If you are analysing a large dataset with more than 50k samples, to speed up LD computation for clumping we suggest to prepare by chromosome bed/bim/fam files with the same variants present in the full genotype data but only a subset of samples. Then you can specify a pattern to these files using the ld_panel parameter like /ld_panel/chr{CHROM}_ld.

The {CHROM} is automatically substituted with number 1-23 when the pipeline is running. This is only processed when the clumping option is active. If the ld_panel parameter is not set and clumping is active the pipeline will use the full genotype data to estimate LD. Note that this will result in very long run time for huge datasets so providing an LD panel is highly reccomended when sample size is above 50k.

You can generate LD files using plink2 and the --keep option to extract a subset of unrelated samples from the full dataset.
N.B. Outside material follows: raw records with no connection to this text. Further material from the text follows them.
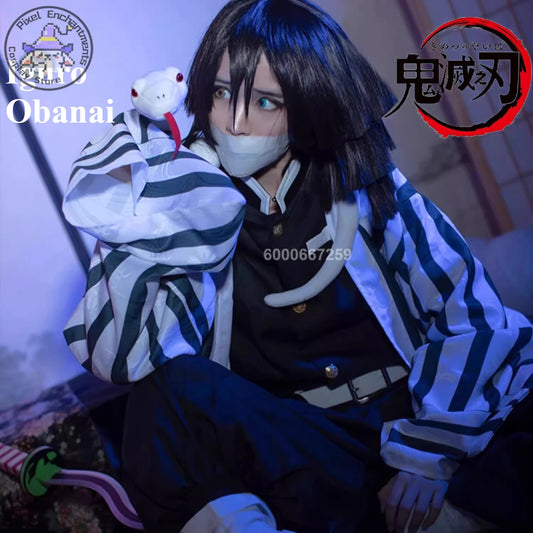 Cosplay Demon Slayer – Obanai Iguro + Perruque & Accessoires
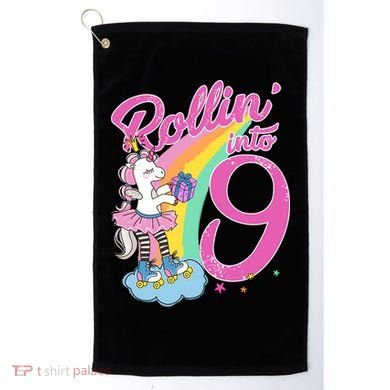 Rollin' Into 9 Skating Unicorn Birthday Golf Towel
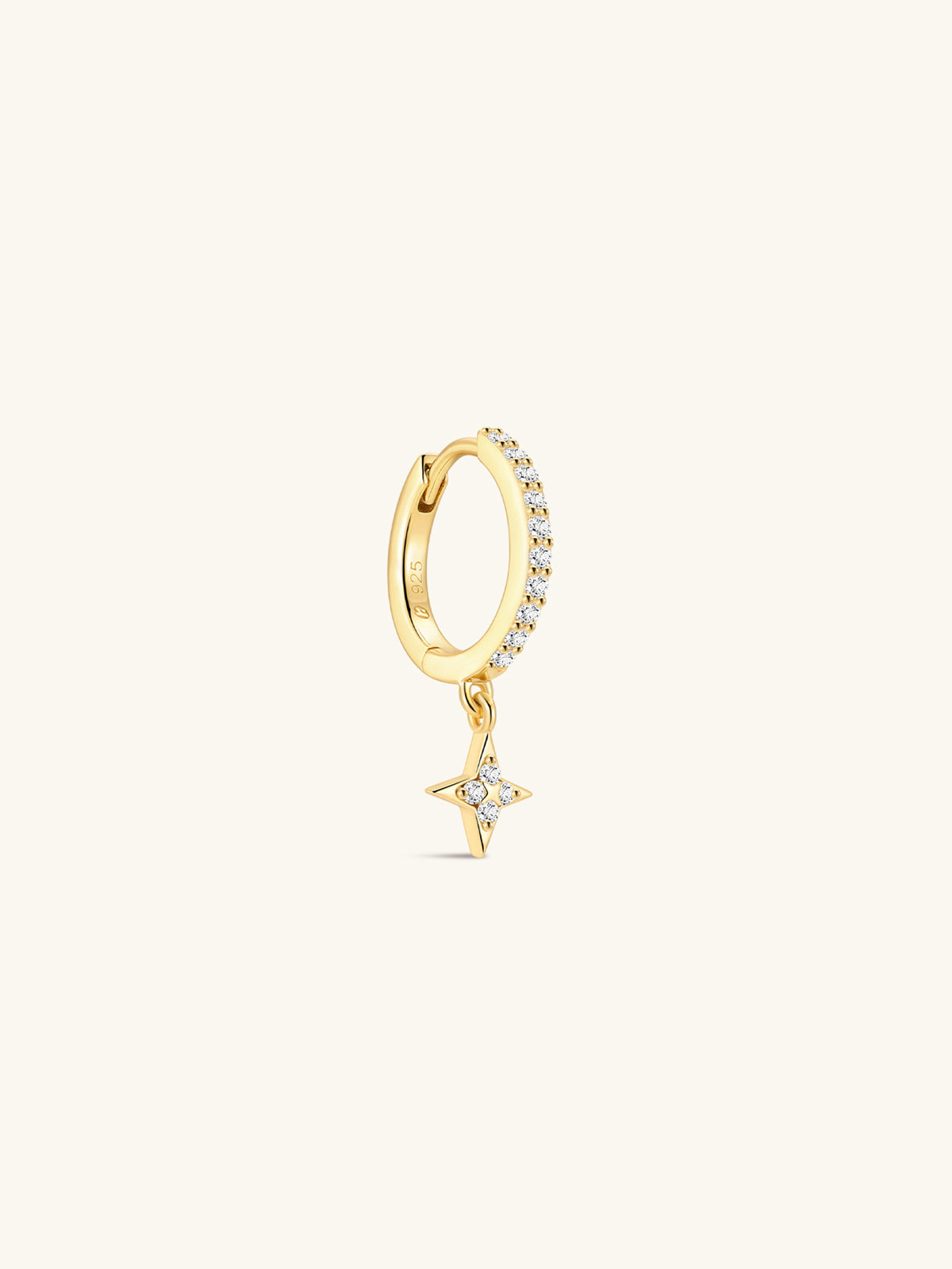 Pair of KOSINER Starlight 925 sterling silver gold star drop huggie hoop earrings, full pave cz band with four-point star cubic zirconia charm, fine minimalist women’s earrings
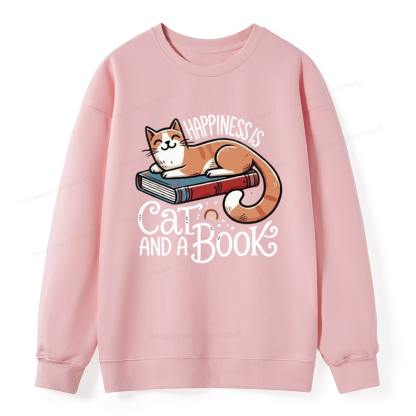 Pagewings Happiness Is A Cat And A Book Unisex Classic Sweatshirt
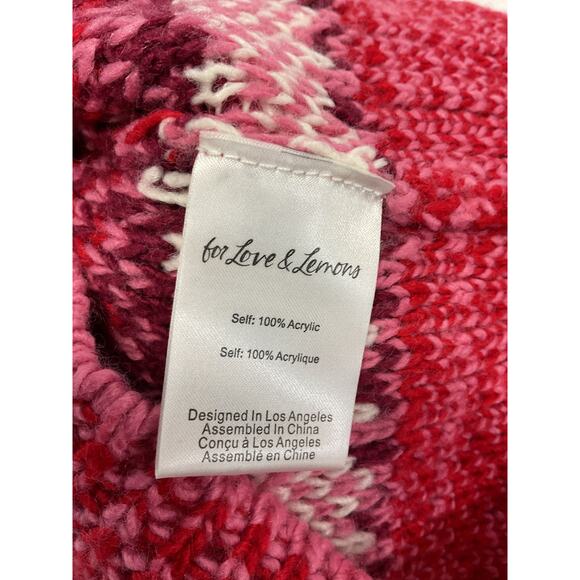 For Love & Lemons 'Wilma' Pink Baloon Sleeve Cropped Turtleneck Size S - Picture 5 of 5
For example:

chrom=1 #Chromosome id
samples="samples.tsv" #File with a subset of unrelated individuals

plink2 \
--bgen input.bgen ref-first \
--sample input.sample \
--keep ${samples} \
--chr ${chrom} \
--make-bed \
--out chr${chrom}_ld_panel

When LD panel is not available

If you do not provide an LD panel, the pipeline will use the full input dataset to compute LD. First, input file(s) will be converted to bed format using plink2. Then if the input files are organized by chromosomes using the {CHROM} placeholder, only the relevant files will be used to perform clumping. Otherwise, if there are multiple input files, all converted dataset will be merged into a single dataset and this is used to perform clumping.

In any case, clumping procedure is then performed parallelized by chromosome and resulting annotated loci are then merged into a single file per phenotype.